Lawmakers not convinced the transportation department needs its own police force
HONOLULU (HawaiiNewsNow) - The Department of Transportation's attempt to create its own police force is facing resistance.
"We need the top notch professional law enforcement officers and I don't believe at this time that the DOT plan is in our best interest," says State Senator Will Espero, the Vice Chair of the Transportation Committee.
The agency's plan requires legislative approval.
DOT wants to start a law enforcement division to be called the State Transportation Police Force starting with the 59 deputy sheriffs at the Daniel K. Inouye International Airport. The Department of Public Safety notified the deputies months ago that they were giving up command and control of them to the DOT.
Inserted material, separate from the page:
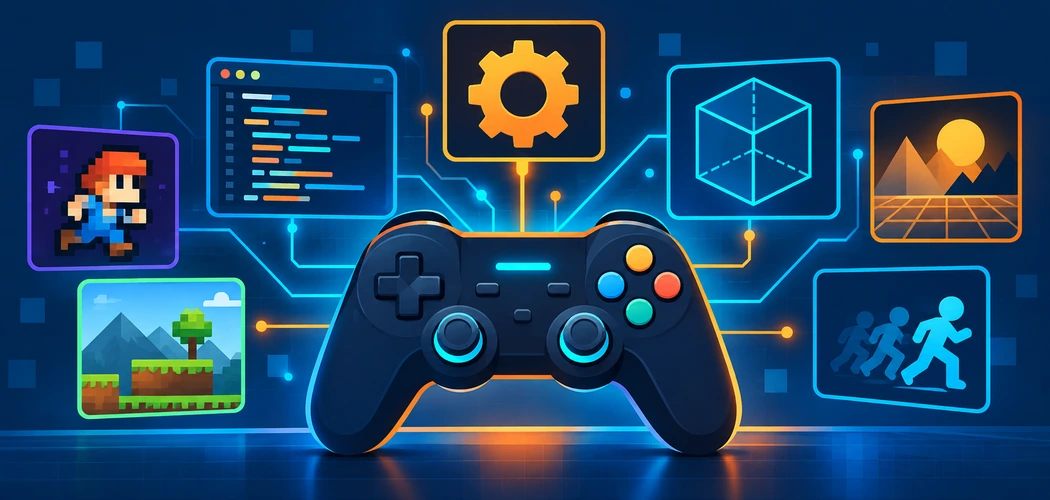 Game Controller Surrounded By Engine And Code Icons Representing A Game Framework Comparison
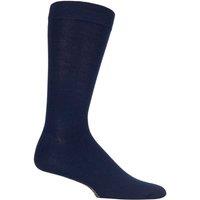 SOCKSHOP Men's 1 Pair Colour Burst Bamboo Socks with Smooth Toe Seams in Navy | Size: 7-11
The union representing the deputy sheriffs, HGEA, is also hesitating, "The biggest concerns, simply put, is who is going to be ultimately responsible for the law enforcement function at Honolulu international airport and that's the big public policy we hope legislators will seriously scrutinize." says Randy Perreira, HGEA's Executive Director.
Espero says other lawmakers have also expressed concern, "We're talking about millions of people who go through that airport, visitors and local people alike."
The plan goes beyond the airport. The 19 Harbor Police officers would also be absorbed by the DOT force, giving them control of the airport and harbors.
The Director of the DOT, Ford Fuchigami, has even more ambitious plans, he wants lawmakers to allow him to use the police force to work state highways too, doing traffic control and even participating in homeless sweeps.
"We had a very difficult time getting sheriffs to come out because again, we don't have additional sheriffs to do this job," Fuchigami says, "We need to pass some bills so that we can go ahead and do that. I have the authority right now to give police powers. Give police powers to the airports and the harbors but I don't have that for the highways and that's going to be very important."
Lawmakers will take up the issue at the start of the next legislative session in January.